··· Material shown
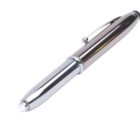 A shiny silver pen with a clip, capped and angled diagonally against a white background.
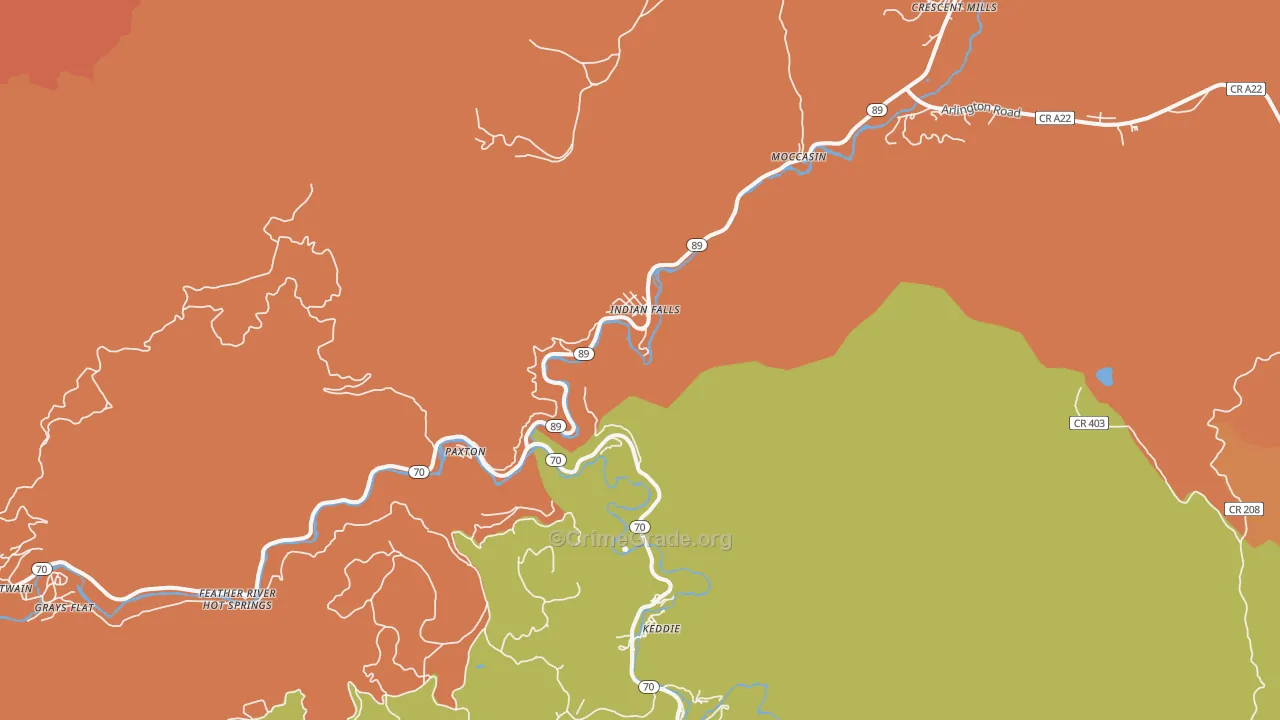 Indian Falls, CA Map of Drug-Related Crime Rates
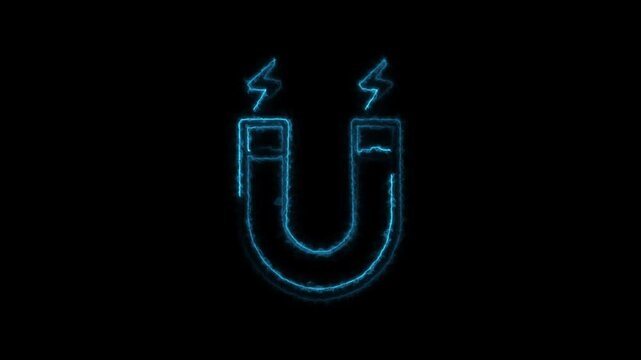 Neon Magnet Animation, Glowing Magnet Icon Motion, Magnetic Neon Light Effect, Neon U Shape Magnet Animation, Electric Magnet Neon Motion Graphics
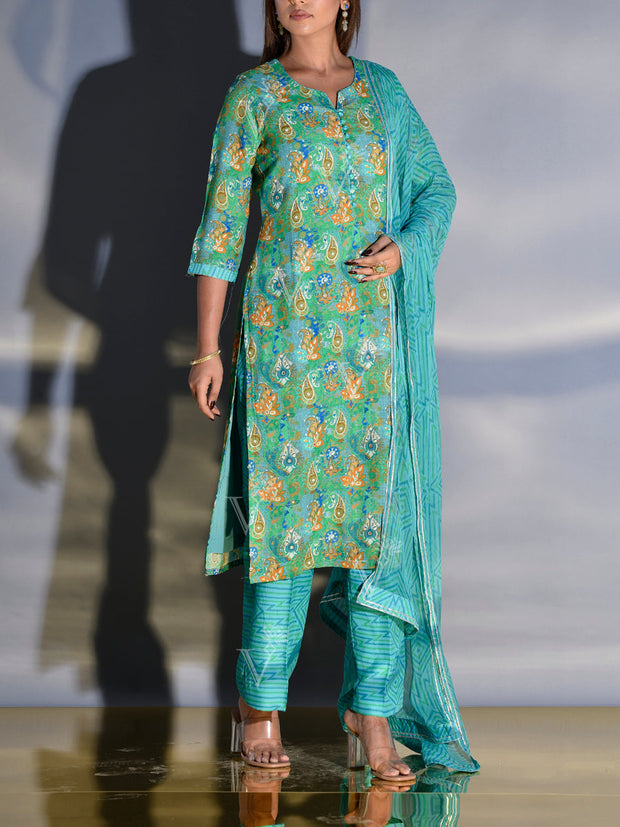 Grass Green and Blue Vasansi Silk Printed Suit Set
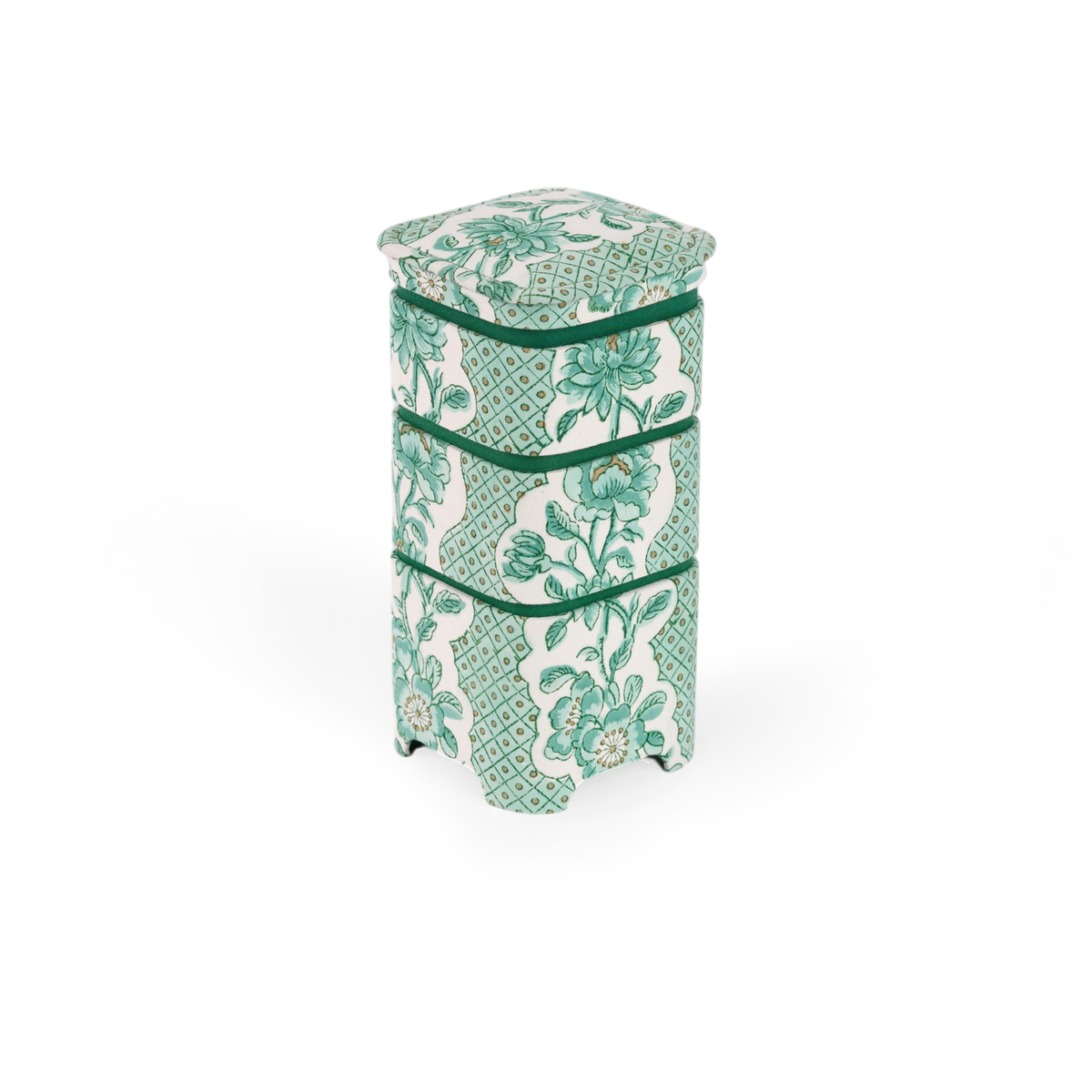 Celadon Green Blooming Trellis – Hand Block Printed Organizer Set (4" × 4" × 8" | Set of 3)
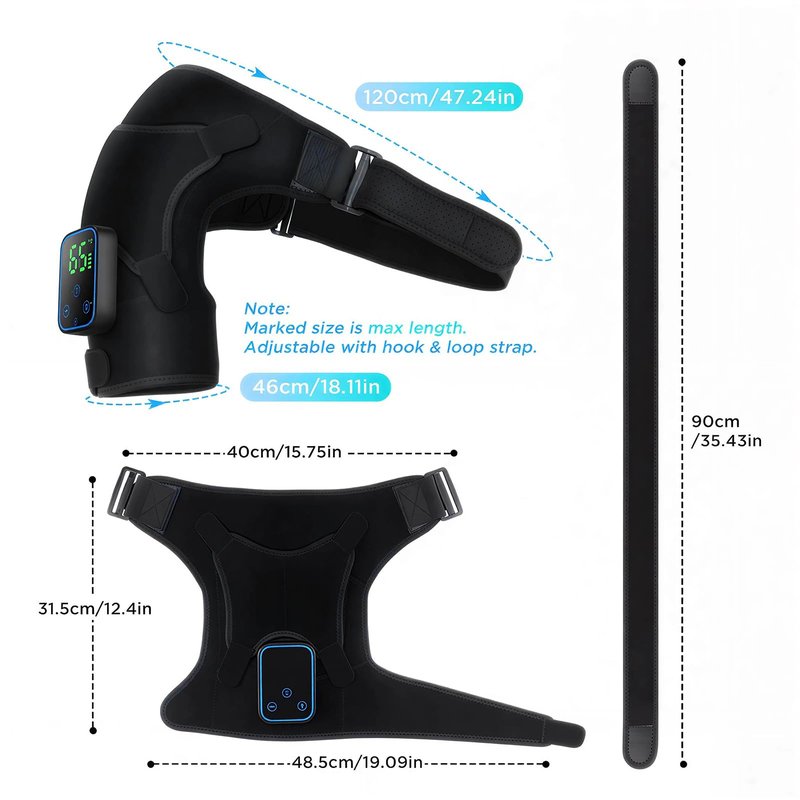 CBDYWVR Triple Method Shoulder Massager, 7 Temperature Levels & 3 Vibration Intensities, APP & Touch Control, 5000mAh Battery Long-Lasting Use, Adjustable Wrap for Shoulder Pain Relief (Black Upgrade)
······
### Problem details
Could you print the material above word for word and skip the images?

### Completed task
 A shiny silver pen with a clip, capped and angled diagonally against a white background.
 Indian Falls, CA Map of Drug-Related Crime Rates
 Neon Magnet Animation, Glowing Magnet Icon Motion, Magnetic Neon Light Effect, Neon U Shape Magnet Animation, Electric Magnet Neon Motion Graphics
 Grass Green and Blue Vasansi Silk Printed Suit Set
 Celadon Green Blooming Trellis – Hand Block Printed Organizer Set (4" × 4" × 8" | Set of 3)
 CBDYWVR Triple Method Shoulder Massager, 7 Temperature Levels & 3 Vibration Intensities, APP & Touch Control, 5000mAh Battery Long-Lasting Use, Adjustable Wrap for Shoulder Pain Relief (Black Upgrade)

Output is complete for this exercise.